The geology in the area of the tunnel is well known, but the extent of any mine working would have to be established
by a very detailed site investigation. Using up-to-date prices, the current day price including approach roads but
excluding the Dunfermline by-pass would be in the region of £350m. This price would need to be adjusted for any unknown
ground conditions. This would give a £100m difference between this and an ITT.
Environment The environmental impact of the various types of construction should be the primary basis on which to found a decision about a second crossing. Here again our consultants are very clear that a bored tunnel solution would be the least damaging. Their reason for this in the main is that this form of tunnel uses entry an exit portals on the foreshore with no disturbance to the sea bed of the Firth of Forth, thus minimising any disturbance to marine wild life. They rank an immersed tube as the second least damaging. In this form of construction the foreshore and the sea bed would only have to be disturbed temporarily but would eventually revert back to nature. In the case of a bridge, there would be a permanent scar from the main mast foundations, shadowing and further interruption to the migratory paths of birds. There are severe restrictions, covered by EU regulations, on the damage to wildlife. These virtually prohibit construction in certain areas. To meet current environmental standard any construction project of this size will need a comprehensive study done of these issues. There are also other issues of “Whole Life Costing” which should be taken into account. This calls for all the costs associated with the planning, building and maintenance to be calculated. FETA calculated that the maintenance of a tunnel would be 3.25m over a twenty year period.

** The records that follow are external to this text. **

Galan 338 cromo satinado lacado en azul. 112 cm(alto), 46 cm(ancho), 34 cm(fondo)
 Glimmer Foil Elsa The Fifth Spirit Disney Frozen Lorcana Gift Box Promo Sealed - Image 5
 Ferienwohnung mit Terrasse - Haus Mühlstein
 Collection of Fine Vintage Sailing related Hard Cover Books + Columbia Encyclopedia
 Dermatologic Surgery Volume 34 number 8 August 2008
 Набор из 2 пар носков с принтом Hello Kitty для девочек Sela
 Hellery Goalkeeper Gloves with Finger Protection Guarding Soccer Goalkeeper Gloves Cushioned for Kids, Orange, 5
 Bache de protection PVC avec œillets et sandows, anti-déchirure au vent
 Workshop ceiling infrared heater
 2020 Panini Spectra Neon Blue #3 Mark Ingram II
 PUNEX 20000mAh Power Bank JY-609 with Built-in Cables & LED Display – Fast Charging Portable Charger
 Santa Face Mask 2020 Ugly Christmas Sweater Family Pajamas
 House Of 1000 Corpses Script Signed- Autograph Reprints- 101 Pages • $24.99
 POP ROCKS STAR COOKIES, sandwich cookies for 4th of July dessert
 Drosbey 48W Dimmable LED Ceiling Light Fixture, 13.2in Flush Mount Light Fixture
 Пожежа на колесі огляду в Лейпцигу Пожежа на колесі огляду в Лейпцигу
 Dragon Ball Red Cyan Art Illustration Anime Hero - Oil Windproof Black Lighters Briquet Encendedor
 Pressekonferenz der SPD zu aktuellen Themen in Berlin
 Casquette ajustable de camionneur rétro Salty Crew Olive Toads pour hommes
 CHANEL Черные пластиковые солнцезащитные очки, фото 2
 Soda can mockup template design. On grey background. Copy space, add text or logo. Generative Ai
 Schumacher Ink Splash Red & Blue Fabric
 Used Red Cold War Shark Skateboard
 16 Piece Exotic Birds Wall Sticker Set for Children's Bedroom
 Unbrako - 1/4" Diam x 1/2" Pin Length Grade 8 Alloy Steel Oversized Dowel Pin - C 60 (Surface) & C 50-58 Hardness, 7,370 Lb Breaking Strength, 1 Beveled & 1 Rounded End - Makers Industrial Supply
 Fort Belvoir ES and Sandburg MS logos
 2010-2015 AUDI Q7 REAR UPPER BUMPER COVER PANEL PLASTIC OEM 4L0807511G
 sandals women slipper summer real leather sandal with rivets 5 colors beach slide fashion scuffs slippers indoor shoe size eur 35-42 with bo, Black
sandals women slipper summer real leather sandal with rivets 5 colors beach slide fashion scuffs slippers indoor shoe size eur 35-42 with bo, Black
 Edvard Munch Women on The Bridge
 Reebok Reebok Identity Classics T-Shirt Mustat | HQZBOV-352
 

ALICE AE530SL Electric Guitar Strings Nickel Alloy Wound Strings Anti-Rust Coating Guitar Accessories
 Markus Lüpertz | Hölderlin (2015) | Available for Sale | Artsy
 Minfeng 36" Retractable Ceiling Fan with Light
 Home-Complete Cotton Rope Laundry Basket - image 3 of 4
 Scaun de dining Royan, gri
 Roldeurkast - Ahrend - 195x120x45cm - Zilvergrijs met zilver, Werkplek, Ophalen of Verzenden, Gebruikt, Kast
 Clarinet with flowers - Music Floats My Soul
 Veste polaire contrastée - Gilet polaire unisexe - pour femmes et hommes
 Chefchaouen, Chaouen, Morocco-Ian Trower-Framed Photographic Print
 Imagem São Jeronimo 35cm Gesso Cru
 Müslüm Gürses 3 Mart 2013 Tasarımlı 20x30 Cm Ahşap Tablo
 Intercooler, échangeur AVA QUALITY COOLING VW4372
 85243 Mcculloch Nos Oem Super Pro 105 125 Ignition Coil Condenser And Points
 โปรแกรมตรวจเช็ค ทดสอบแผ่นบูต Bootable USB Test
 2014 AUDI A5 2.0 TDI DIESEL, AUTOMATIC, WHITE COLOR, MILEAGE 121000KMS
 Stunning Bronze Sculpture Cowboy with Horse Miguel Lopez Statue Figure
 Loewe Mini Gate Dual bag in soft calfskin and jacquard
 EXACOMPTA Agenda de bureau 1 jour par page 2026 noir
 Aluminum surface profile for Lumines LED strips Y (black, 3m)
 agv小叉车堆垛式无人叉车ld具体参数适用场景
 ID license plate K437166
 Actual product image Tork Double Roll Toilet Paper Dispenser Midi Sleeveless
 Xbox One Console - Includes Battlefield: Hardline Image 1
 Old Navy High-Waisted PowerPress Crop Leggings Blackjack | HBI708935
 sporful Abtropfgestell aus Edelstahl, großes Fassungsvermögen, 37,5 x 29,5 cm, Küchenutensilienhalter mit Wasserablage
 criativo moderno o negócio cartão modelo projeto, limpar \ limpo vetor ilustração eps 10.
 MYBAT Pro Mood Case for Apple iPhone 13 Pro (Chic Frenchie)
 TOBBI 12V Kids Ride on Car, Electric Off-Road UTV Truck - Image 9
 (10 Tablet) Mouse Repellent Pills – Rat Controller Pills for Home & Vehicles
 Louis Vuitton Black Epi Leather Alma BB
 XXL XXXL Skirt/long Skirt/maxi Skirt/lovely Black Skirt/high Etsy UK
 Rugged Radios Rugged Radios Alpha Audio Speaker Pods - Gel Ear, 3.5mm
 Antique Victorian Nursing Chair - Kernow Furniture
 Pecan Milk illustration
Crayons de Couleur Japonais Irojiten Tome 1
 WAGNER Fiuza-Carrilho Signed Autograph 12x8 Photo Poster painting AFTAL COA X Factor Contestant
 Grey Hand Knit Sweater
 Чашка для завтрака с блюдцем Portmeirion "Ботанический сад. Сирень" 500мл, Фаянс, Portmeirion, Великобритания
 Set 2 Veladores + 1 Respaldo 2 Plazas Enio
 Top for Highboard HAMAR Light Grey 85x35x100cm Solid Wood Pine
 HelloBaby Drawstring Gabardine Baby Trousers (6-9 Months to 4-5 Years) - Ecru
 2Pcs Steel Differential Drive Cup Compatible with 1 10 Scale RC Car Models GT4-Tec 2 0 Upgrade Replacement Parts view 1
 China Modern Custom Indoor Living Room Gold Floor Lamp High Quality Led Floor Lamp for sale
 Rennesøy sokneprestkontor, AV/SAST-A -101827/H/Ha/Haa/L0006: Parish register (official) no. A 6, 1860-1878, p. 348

Currently they spend £10m a year maintaining the existing FRB. A considerable amount of rubbish is blown off the bridge such as metal and asphalt, petrol and oil based particles which pollute the air and the sea. Issues such as suicide risks should also be factored into the equation.
Time Scales A suspension Bridge would take up to 12 years to plan and build. This would give an earliest completion date of 2019. A tunnel could be built in 8 years from start to finish, allowing the same period of 5 years for design and legislation. This would mean a tunnel could be in place for the 2015. FETA are now on record as saying that the existing bridge will close to vehicles over three and one half tons by 2013 and will have to close completely by 2018.